We're the team behind BrowserAct. We just released browser-act CLI — a command-line tool that handles stealth browsing, captcha solving, and clean data extraction out of the box.
We built it because we kept hitting the same walls with Playwright and Puppeteer: sites blocking headless browsers, selectors breaking after layout changes, and raw HTML burning too many tokens when piped into LLMs.
Two browser modes
Stealth browser — anti-detection fingerprinting, proxy support, persistent login sessions. For sites that block automation:
browser-act browser create "my-scraper" --proxy socks5://host:port
browser-act browser open <browser_id> https://target-site.com
Real Chrome — connects to your running Chrome via CDP, reuses your existing logins. No setup needed:
browser-act browser real open https://dashboard.example.com
Captcha solving
Cloudflare Turnstile, reCAPTCHA — one command:
browser-act solve-captcha
This is what headless scripts hit on protected sites. browser-act handles it natively.
Clean data extraction
Pages come back as markdown instead of raw HTML. One product page we tested: 854,044 characters of HTML vs 22,815 of markdown — 37x smaller.
browser-act get markdown # structured text
browser-act get text 5 # text of a specific element
browser-act get value 3 # value of an input field
If you're feeding pages to an LLM, this alone changes your cost math.
How it works in practice
The core loop: open → inspect → interact → verify.
browser-act browser open <id> https://example.com/login
browser-act state
# → [3] input "Email", [4] input "Password", [5] button "Sign In"
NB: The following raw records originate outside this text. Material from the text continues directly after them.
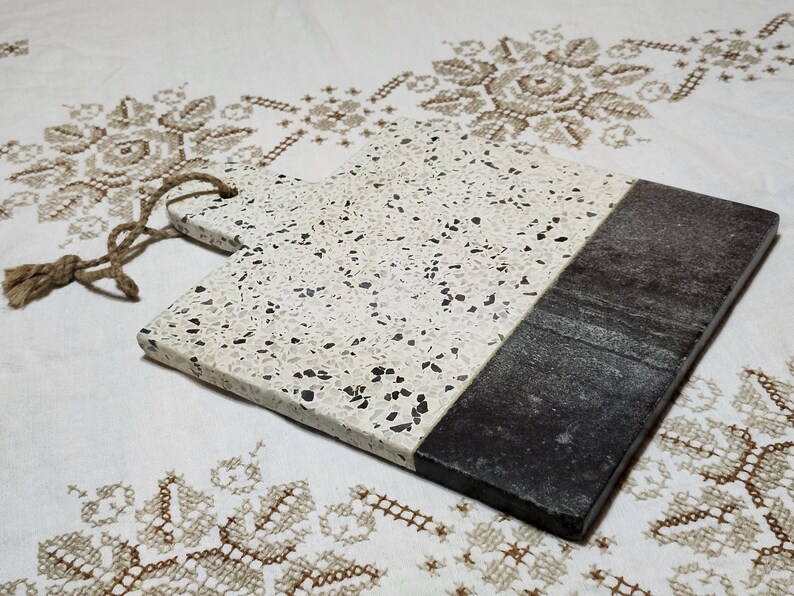 Thirstystone Terrazzo Paddle Board - Thumbnail 5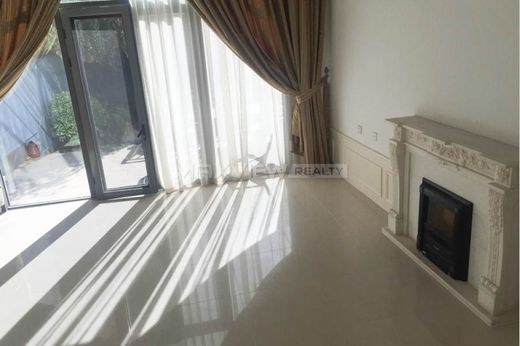 ﻓﻴﻼ ﻓﻲ بكين, Beijing Municipality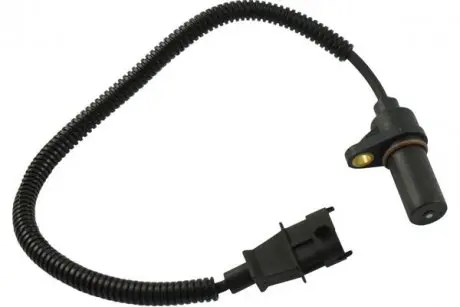 Hyundai датчик импульсов accent,elantra,getz,matrix,santa fe,tucson,kia carens,sportage 1.5/2.0crdi 01- KAVO PARTS ECR-3003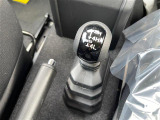 ガリバーグループでは新鮮在庫が毎日約500台入荷!ワクワクするクルマ選びをご提案します!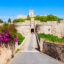Großmeisterpalast, Rhodos | Griechenland.de Großmeisterpalast, Rhodos | Griechenland.de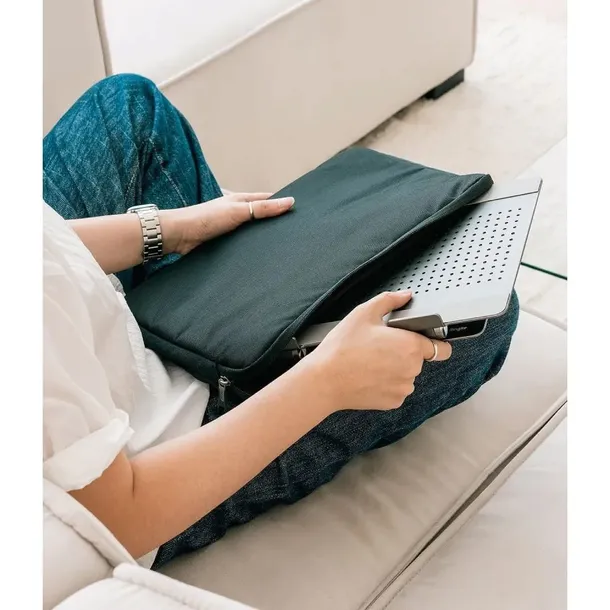 ringke-outstanding-laptop-stand-waga-z-opakowaniem-0-3-kg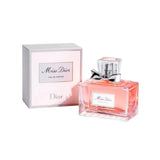 Miss Dior 100ml EDP - Equivalente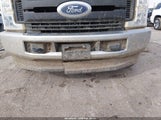 Ford F-250 Xl 1FT7X2B60KEE34223 снимка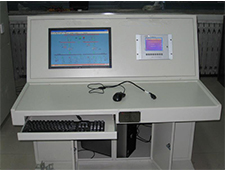 DYDL-JK电力系统微机监控试验系统,电力微机监控实验系统装置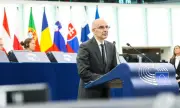 ������ ����� ������ ���� �� ���� �� ������ � �����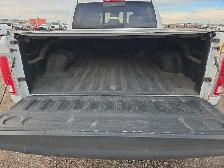 2014 Ram 1500 - Photo 15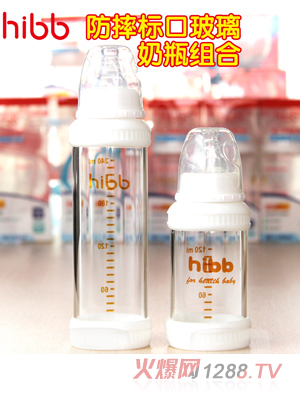 hibb��ˤ��(bi��o)�ڲ�����ƿ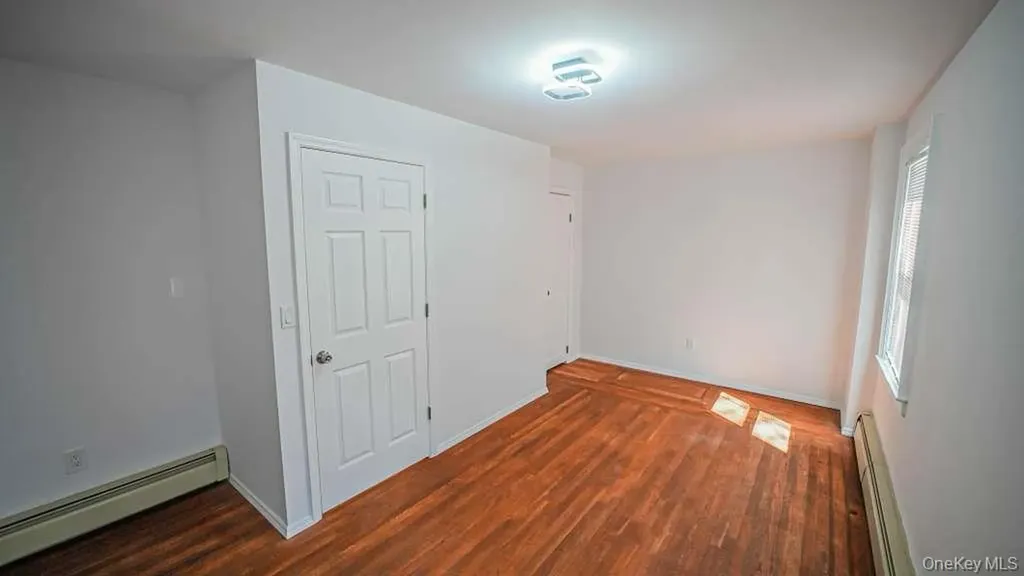 3066 Coddington Avenue Bronx NY 10461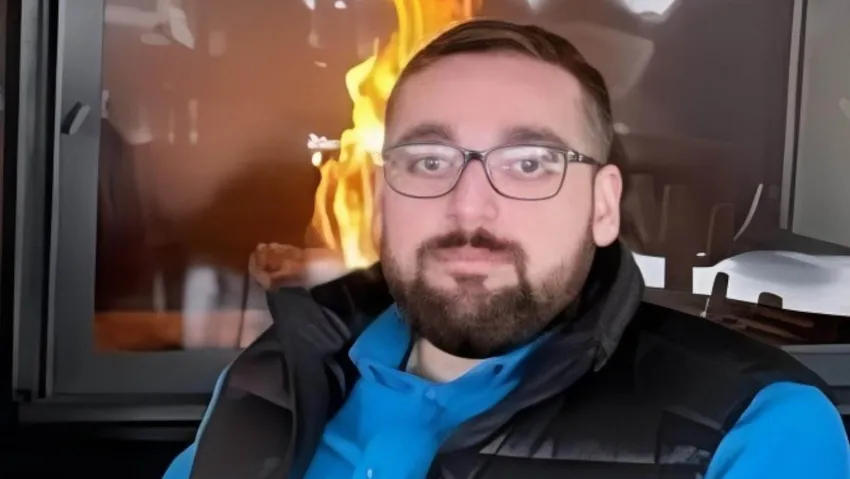 Ahmet Türk'ün torunu silahlı saldırıda öldürüldü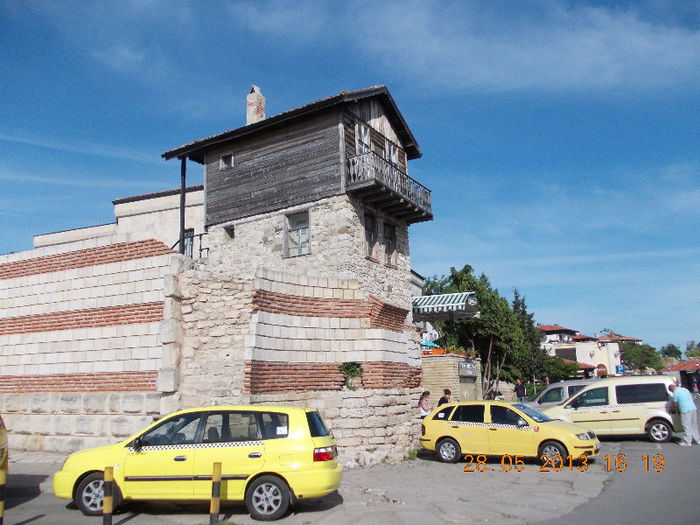 nessebar bulgaria, mai 2013 047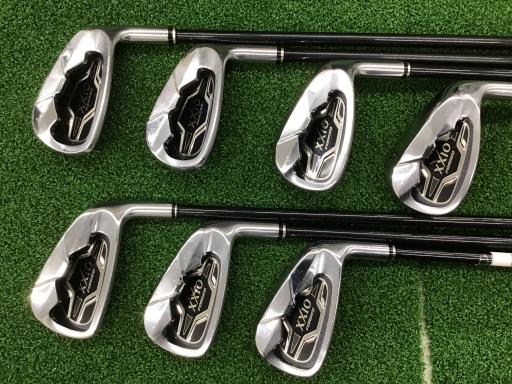 wwhn@enqfdciQOPPj@@Wri{FV{Zbgj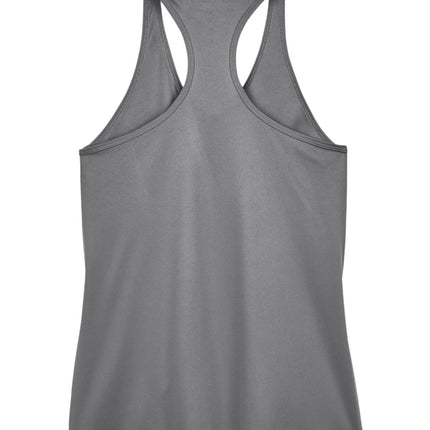 Team 365 Women’s Zone Performance Racerback Tank – TT11WRC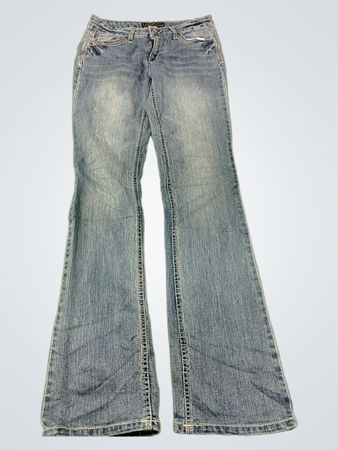 Cato Premium Jeans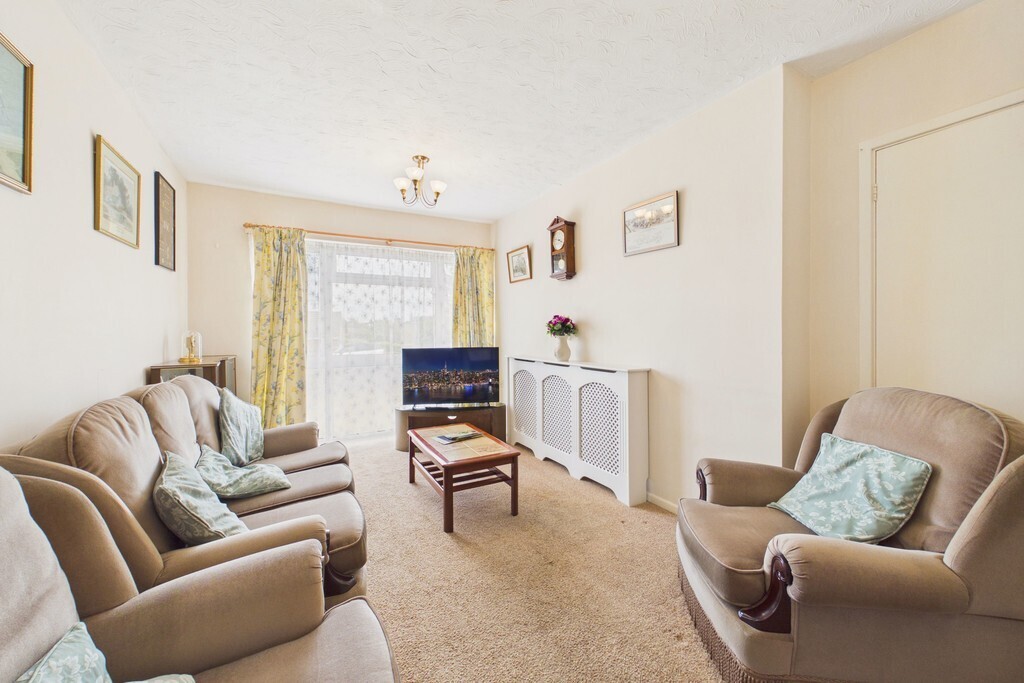 Fairfield Road, Bungay Image 3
browser-act input 3 "[email protected]"
browser-act input 4 "password123"
browser-act click 5
browser-act wait stable
browser-act state # re-inspect after page change
Everything runs from the terminal. Chain with &&, pipe into scripts, schedule with cron.
Install:
uv tool install browser-act-cli --python 3.12
Source and docs: github.com/browser-act/skills
We'd love feedback — what browser automation tasks eat up your time? What would you want a tool like this to handle?
"Reducing HTML to Markdown by 37x is a complete game-changer for anyone piped into LLMs—the token savings alone make BrowserAct an easy sell. Native stealth and captcha solving out of the box finally makes headless automation feel reliable again.
Since you've built such a high-leverage tool, you should enter it into this competition--“Prize pool just opened at $0. Your odds are genuinely the best they'll ever be.
$19 entry. Winner gets a real trip to Tokyo — flights and hotel booked by us.
Round 01 closes at 100 entries. tokyolore.com”
This looks pretty solid — especially the markdown extraction part, that’s a real practical improvement for LLM workflows.
One thing that stood out though — the product itself feels like infrastructure-level tooling, but the “browser-act” naming comes across more like a utility or repo rather than something you’d build a company around.
For tools solving blocking/captcha/automation at this level, perception plays a bigger role once people start relying on it in production.
Curious if you’re thinking of this as a long-term product/company, or more of a dev tool for now?